Chinese Firms Buying Well-Placed German Companies

As China looks to gear up towards a high-tech economy, it has set its sights on Germany’s well-placed firms. But the rapid rise in foreign investment, stemming in part from the Chinese government, has caused concern.
Yi Sun, a partner at Ernst & Young’s China Competence Center, has had her hands full. The center advises on investments and acquisitions between China and Germany, and the traffic has lately been heavy, if only in one direction. “We are working day and night for the Chinese,” she said, DW reported.

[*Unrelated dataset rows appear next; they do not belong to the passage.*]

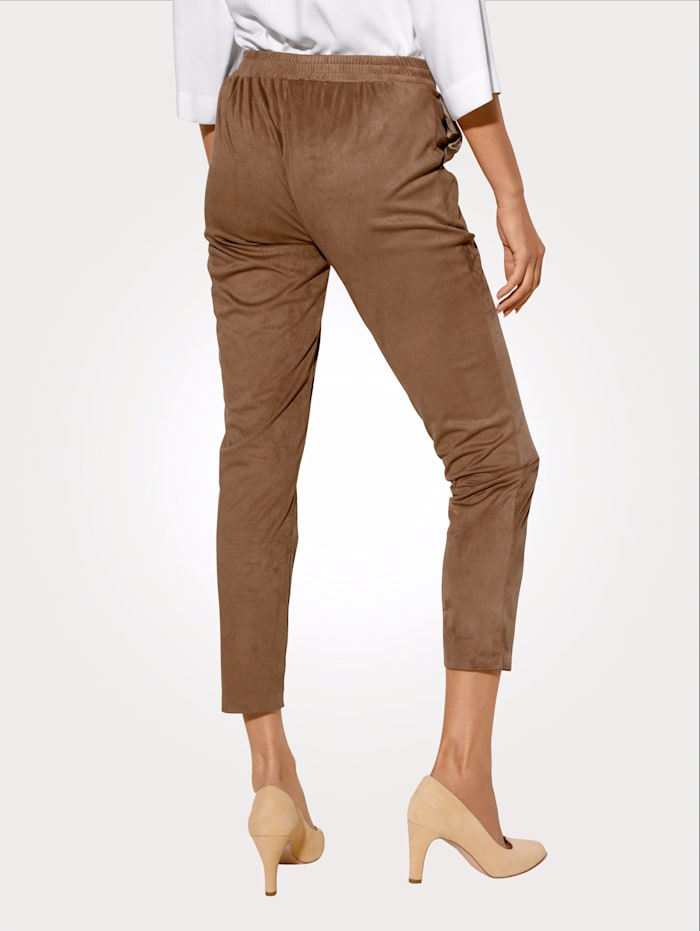 Pantalon 7/8 D'aspect cuir velours MONA Caramel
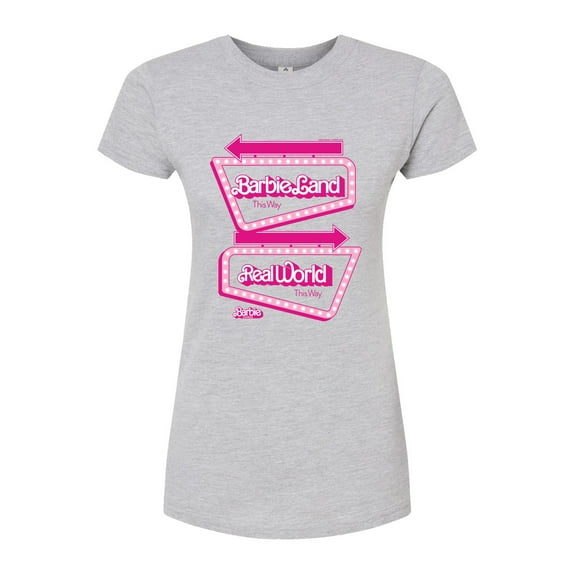 Barbie The Movie - Barbieland Real World This Way Signs - Juniors Fitted Graphic T-Shirt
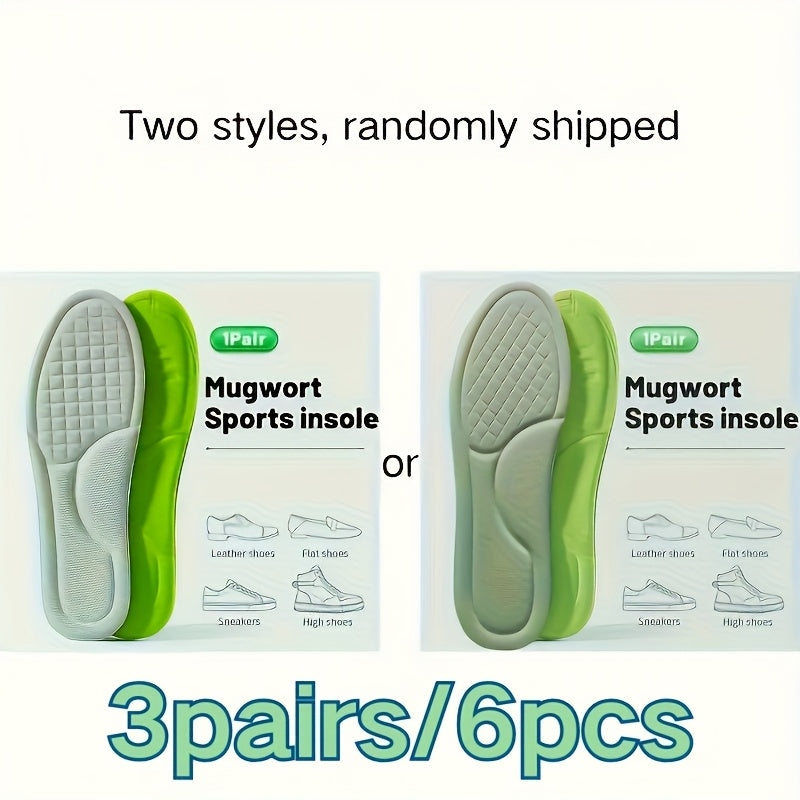 Mugwort sports insoles, travel friendly, for comfort in various shoes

As China’s rapid growth slows, its investors have set their sights somewhere they have often looked past—Europe—in search of desirable acquisition candidates, known as “targets.” And Germany, in the center, can be considered its bulls-eye.

 Beat Them or Buy Them
In the first quarter of 2016, according to a calculation by German financial newspaper Handelsblatt, Chinese companies have offered 12 German firms $3.2 billion, more than the last five years combined.
Yi Sun emphasizes the high technical standards of German companies, as well as the reputation of their employees to work harder and strike less than their European neighbors, as factors that make them appealing to investors. But Chinese investors are not just interested in any given German company.

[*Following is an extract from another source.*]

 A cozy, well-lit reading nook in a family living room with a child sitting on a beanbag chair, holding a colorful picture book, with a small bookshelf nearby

“Germany is the premium target for very specific segments of industry,” said Kai Lucks, chairman of the German Federal Association of Mergers & Acquisitions. Chinese investors pursue a niche strategy, he says, searching out the big players in relatively small areas.
For example, Chinese companies acquired in 2012 concrete pump producers Putzmeister and Schwing, placing the global market for such pumps largely in the country’s hands.
“The Chinese have always had the problem of having very weak brands that they cannot globalize,” Lucks said. The hope then is that mid-size German companies can serve as launching pads for the world market.

 Beijing’s Backing
The Chinese government has acted as a driving force behind this strategy. Premier Li Keqiang called on state delegates to “create internationally competitive companies,” words that were cemented in the country’s current five-year plan, approved this year, and its “Made in China 2025” initiative, which targets sectors in which the Chinese economy is in need of improvement.
The automobile and aviation sectors were listed as critical for the initiative, as well as IT and environmental and automation engineering.
EEW, a corporation based in Germany’s Saarland region that converts waste into energy, was recently bought by a half-state-owned Chinese firm for nearly $1.5 billion.
And Chinese corporation Midea has been in talks since the end of May with Augsburg-based robot manufacturer Kuka about increasing its share of stocks from 10 to 30%. The price tag for such a deal could total up to $5 billion.